Stored data entries

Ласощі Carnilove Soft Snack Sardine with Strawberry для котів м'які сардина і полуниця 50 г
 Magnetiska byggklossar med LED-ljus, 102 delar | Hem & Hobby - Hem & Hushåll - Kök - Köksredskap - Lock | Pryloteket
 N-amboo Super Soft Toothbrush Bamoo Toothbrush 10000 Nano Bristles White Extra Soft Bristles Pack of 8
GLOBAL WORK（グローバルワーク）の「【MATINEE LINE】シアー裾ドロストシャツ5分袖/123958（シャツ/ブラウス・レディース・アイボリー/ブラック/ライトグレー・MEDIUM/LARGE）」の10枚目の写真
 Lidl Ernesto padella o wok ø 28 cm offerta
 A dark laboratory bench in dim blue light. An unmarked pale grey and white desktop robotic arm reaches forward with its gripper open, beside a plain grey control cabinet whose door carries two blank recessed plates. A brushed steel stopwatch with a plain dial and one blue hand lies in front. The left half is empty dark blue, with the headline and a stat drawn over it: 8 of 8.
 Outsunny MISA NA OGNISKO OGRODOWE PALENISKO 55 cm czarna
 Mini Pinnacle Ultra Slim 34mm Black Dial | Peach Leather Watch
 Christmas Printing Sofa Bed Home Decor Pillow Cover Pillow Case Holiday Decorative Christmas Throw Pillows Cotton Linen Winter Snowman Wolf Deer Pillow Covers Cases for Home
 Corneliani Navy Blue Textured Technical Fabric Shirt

- **WHAT YOU SHOULD DO**
Your answer must consist of every line above, reproduced exactly.

- **EXERCISE RESPONSE**
Ласощі Carnilove Soft Snack Sardine with Strawberry для котів м'які сардина і полуниця 50 г
 Magnetiska byggklossar med LED-ljus, 102 delar | Hem & Hobby - Hem & Hushåll - Kök - Köksredskap - Lock | Pryloteket
 N-amboo Super Soft Toothbrush Bamoo Toothbrush 10000 Nano Bristles White Extra Soft Bristles Pack of 8
GLOBAL WORK（グローバルワーク）の「【MATINEE LINE】シアー裾ドロストシャツ5分袖/123958（シャツ/ブラウス・レディース・アイボリー/ブラック/ライトグレー・MEDIUM/LARGE）」の10枚目の写真
 Lidl Ernesto padella o wok ø 28 cm offerta
 A dark laboratory bench in dim blue light. An unmarked pale grey and white desktop robotic arm reaches forward with its gripper open, beside a plain grey control cabinet whose door carries two blank recessed plates. A brushed steel stopwatch with a plain dial and one blue hand lies in front. The left half is empty dark blue, with the headline and a stat drawn over it: 8 of 8.
 Outsunny MISA NA OGNISKO OGRODOWE PALENISKO 55 cm czarna
 Mini Pinnacle Ultra Slim 34mm Black Dial | Peach Leather Watch
 Christmas Printing Sofa Bed Home Decor Pillow Cover Pillow Case Holiday Decorative Christmas Throw Pillows Cotton Linen Winter Snowman Wolf Deer Pillow Covers Cases for Home
 Corneliani Navy Blue Textured Technical Fabric Shirt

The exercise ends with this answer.